__Supplied information__:
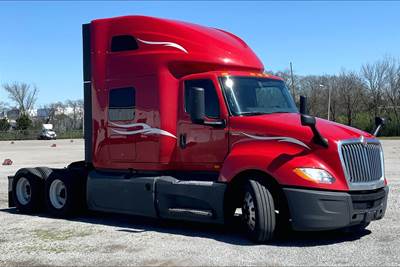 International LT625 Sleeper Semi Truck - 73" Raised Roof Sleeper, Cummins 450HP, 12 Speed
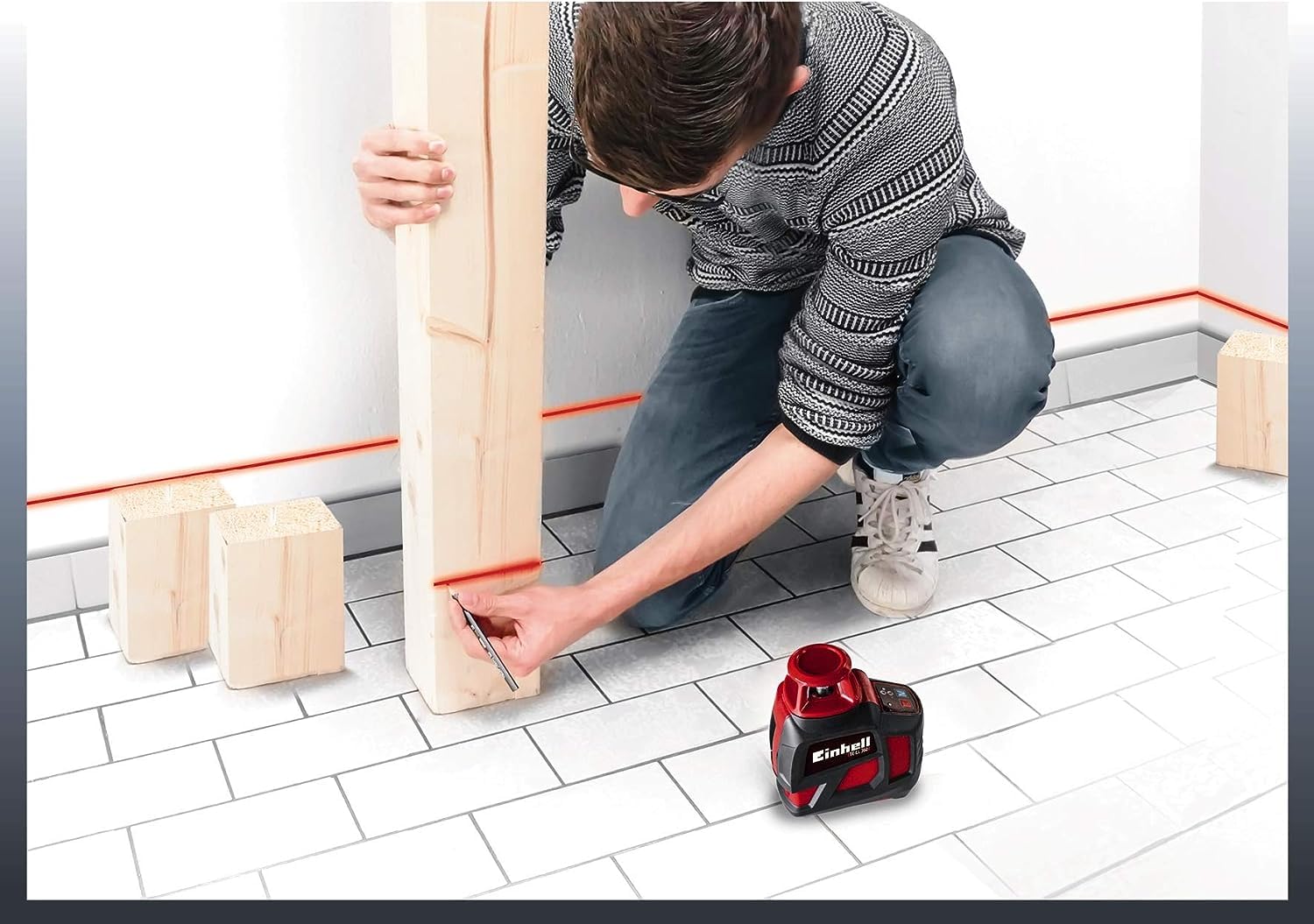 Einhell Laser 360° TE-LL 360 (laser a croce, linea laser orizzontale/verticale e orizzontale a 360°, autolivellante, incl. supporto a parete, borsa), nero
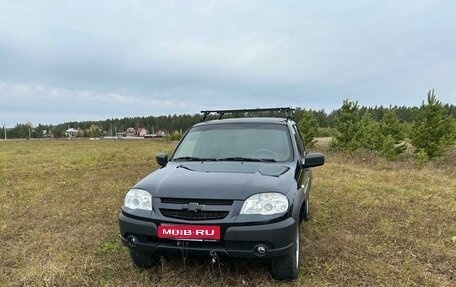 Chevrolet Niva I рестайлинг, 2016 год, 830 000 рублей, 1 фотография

__Task prompt__:
Please reproduce nothing but the lines from the one containing "Einhell Laser 360°" through the closing line of the listing, retyped word for word, pictures excluded.

__Output__:
 Einhell Laser 360° TE-LL 360 (laser a croce, linea laser orizzontale/verticale e orizzontale a 360°, autolivellante, incl. supporto a parete, borsa), nero
 Chevrolet Niva I рестайлинг, 2016 год, 830 000 рублей, 1 фотография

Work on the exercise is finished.